Pictures are to be excluded. Please print only the lines from the one containing "2 chambres, Wi-Fi, draps fournis" through the end of the data, exactly as they appear.
[Information given Boundary: Start]
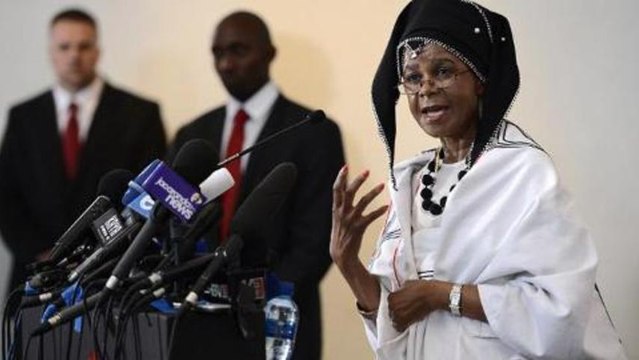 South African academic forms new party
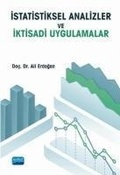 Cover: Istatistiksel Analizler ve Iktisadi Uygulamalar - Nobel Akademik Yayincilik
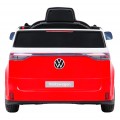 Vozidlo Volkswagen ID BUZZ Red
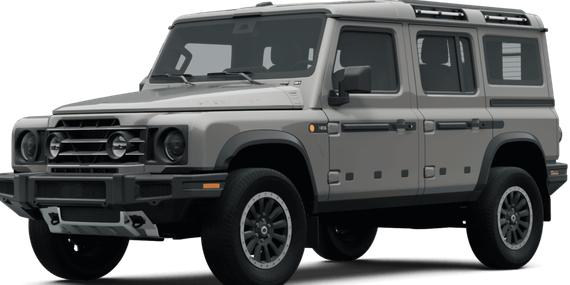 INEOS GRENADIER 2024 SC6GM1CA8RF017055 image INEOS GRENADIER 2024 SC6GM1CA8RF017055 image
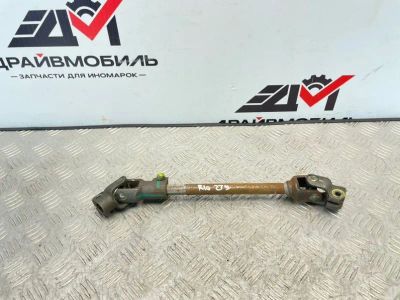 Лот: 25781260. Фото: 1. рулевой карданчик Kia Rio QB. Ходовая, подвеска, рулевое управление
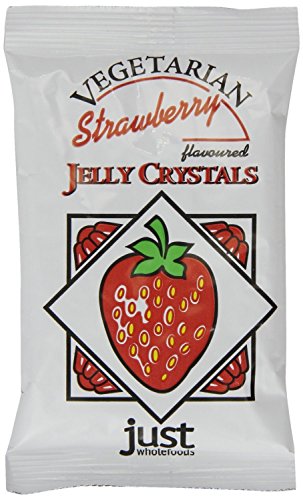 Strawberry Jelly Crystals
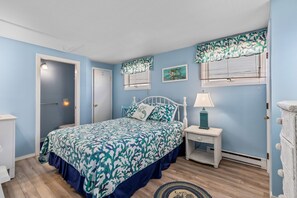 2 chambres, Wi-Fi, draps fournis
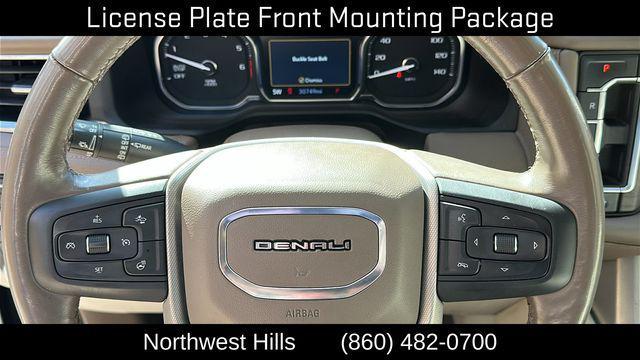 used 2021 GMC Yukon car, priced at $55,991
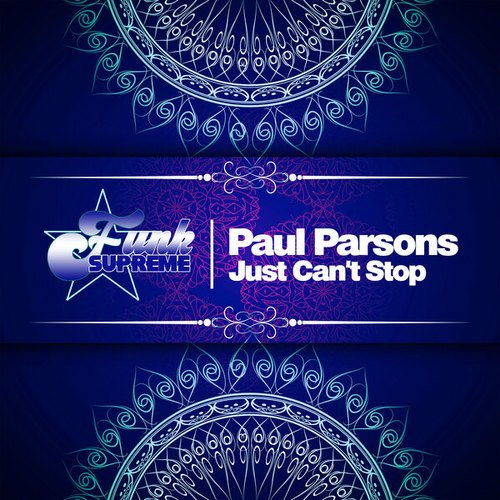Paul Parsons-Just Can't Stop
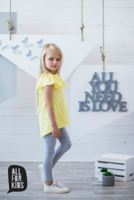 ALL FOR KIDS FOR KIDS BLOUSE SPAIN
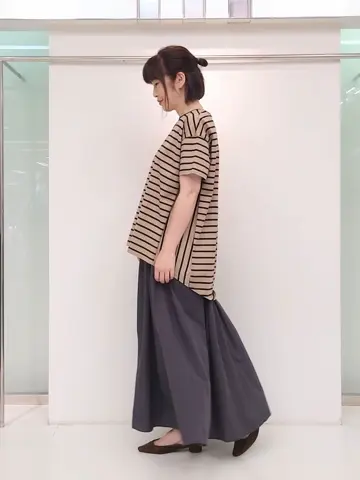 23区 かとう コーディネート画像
[Information given Boundary: End]
__Exercise output__
 2 chambres, Wi-Fi, draps fournis
 used 2021 GMC Yukon car, priced at $55,991
Paul Parsons-Just Can't Stop
 ALL FOR KIDS FOR KIDS BLOUSE SPAIN
 23区 かとう コーディネート画像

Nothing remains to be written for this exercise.